When I look at the beginning of the iPad (I had the very first model), I got deeply into Blockheads. It was a free program and yes that was nice, but the programmer was really smart. He gave the players the option to get production upgraded to twice the speed for a mere $5.99. After a few hours I saw that I was going to like the program and spend the cash. I never regretted it and I still have the program, it served its lifetime stage, a dozen times over at least. It might be the best $5.99 I ever spent. Now, there are ways to get ‘free’ programs going. Micro-transactions was another option. Games had the option to earn the cards, or you could buy a booster pack (Magic) it is another way to get the return on investment. In the beginning games like Castle Age relied on it and it worked well, those who didn’t have the money, or would not spend the money could still play, without purchases you still made progress, but it would be slow and there would be grinding. I had this in Castle Age, I actually only made 1-2 purchases and the game became playable. A decent game for under $5, there can be no objection.
So as the SaaS model progresses, I looked at both Day One ($2.08/month), and EverNote which is a lot more expensive. I am looking at it a an option next to Tablet Journal, which was free at the time and only charged for the additional backgrounds and icons.

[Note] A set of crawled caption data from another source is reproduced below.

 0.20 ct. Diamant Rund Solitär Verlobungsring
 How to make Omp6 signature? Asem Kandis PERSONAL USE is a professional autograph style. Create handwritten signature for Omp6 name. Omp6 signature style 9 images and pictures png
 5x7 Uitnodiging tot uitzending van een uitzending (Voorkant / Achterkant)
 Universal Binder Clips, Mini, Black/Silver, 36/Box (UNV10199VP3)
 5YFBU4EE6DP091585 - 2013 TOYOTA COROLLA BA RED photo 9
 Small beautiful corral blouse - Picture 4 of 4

I had no issue buying them and now that I am looking at the new iPad, I wanted to upgrade the programs I used.
Also, over time I noticed a few flaws in the Tablet Journal and I did program once, as such I was thinking to make my own version. Or at least make one that I liked completely (and it keeps me off the street which makes everyone happy). It also intersects with a few other issues I was having and the idea forming in my mind is a new sort of game, but I cannot start on that, my programming skills are just too rusty (the reward for becoming a data miner).

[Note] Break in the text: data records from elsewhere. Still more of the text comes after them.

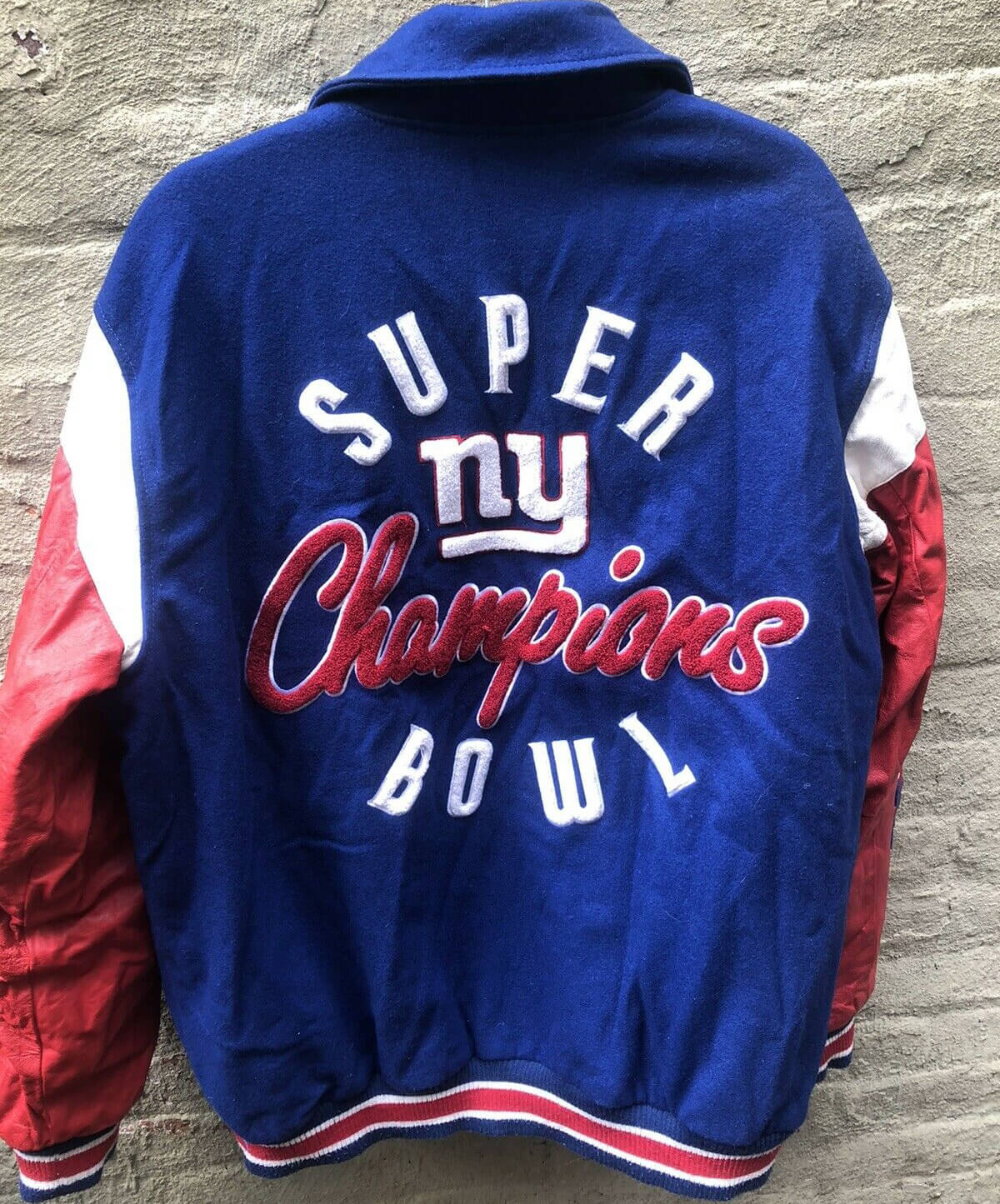 New York Giants Super Bowl Champions Varsity Jacket - Maker of Jacket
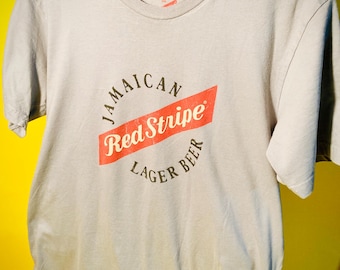 Authentic Red Stripe Jamaican Beer T Shirt  Size M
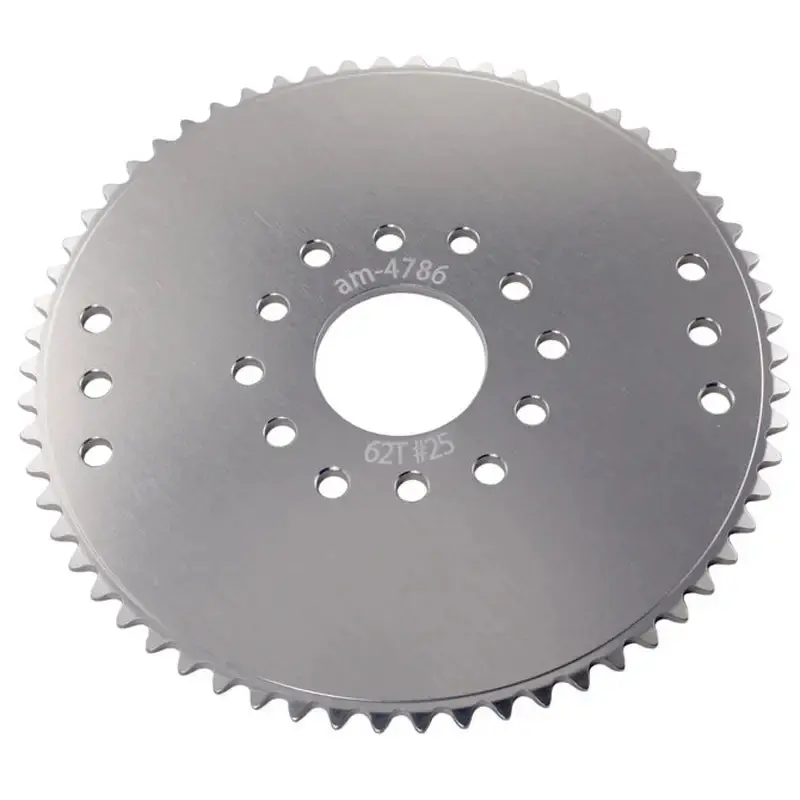 AndyMark 25 Series Bearing Bore Plate Sprocket 62 Teeth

In all this I needed to address replay-ability, challenge, growth and independence. You might think that this is a joke, but the last element is actually a lot more important than you think. During AC Brotherhood, Ubisoft almost had it right, but their focal point was in another direction. As such I now see that the mobile/non-mobile environment needs to be embraced, not separated on or merged.
Gaming is a state of mind that must be protected and embraced, the mind is in different settings, the mind is the centre piece in the game and the makers seem to ignore it too often. Most game makers seem to see the brain, the person as the added appendage to the game, yet this is not the case, or at least I personally think that this is wrong, the brain is the entire piece n all this and the game is designed around it, as such the failures of Ubisoft become clear, when you make a game for everyone, you make a game that pleases no one.

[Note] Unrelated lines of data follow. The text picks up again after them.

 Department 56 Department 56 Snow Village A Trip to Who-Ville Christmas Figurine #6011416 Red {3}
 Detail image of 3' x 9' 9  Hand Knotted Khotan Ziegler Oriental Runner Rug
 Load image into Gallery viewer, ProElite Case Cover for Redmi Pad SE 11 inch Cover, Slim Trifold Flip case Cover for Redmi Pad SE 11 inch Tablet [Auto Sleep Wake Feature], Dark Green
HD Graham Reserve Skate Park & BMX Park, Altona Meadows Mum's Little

We all have different needs in gaming, some prefer puzzles, some prefer stealth, some like it in RPG mode, some love closed levels, some need them to be open. I think that this is why Minecraft is such a hit, it is open and allows us to fill in the part we want to fill in. Yet, I have no intent of making some version of Minecraft, I believe in setting the stage to a group of people, so some will like it and a larger group will not, but it would be my intent to make it as appealing to those who want it as possible.
So what will it bring? I do not know yet (the rusty programming skill makes it a question mark). Yet, the larger stage is not what w like, or what we might like, it is the stage of being apart, being different. Just as I hope that Cyberpunk 2077 has larger true hacking skills, we see the need for a game that is about making us seem more clever, not a game that links piece one and piece 2. I am not referring t a puzzle game like Myth, but the added setting that puzzles brought in rendez-vouz with Rama. So not getting two cogs to compete the puzzle in Tombraider (no negativity implied here), but a stage where we need to see the puzzle and consider the solution, not fitting 2 parts, but finding the proper 4 parts out of 50 offered.
I get it, not everyone likes puzzles and some will not like the option offered, but I would make it for those who do like this side of gaming, the part where the mind figures it out. You see I always believed that games are a great educator and the proper game still needs to be paid for, but as the joy and educations progresses, we see a price that is eagerly paid by the player, all whilst those who lack funds (or prefer not to pay) can still play the game.
When we realise that we are better or feel better with the program in our midst, at that point the $5.99 is not a hurdle, it is the threshold to the next stage in our lives and if games like Minecraft, Blockheads, Magic, Archero and Fallout Shelter can please its audience, any other creator can too.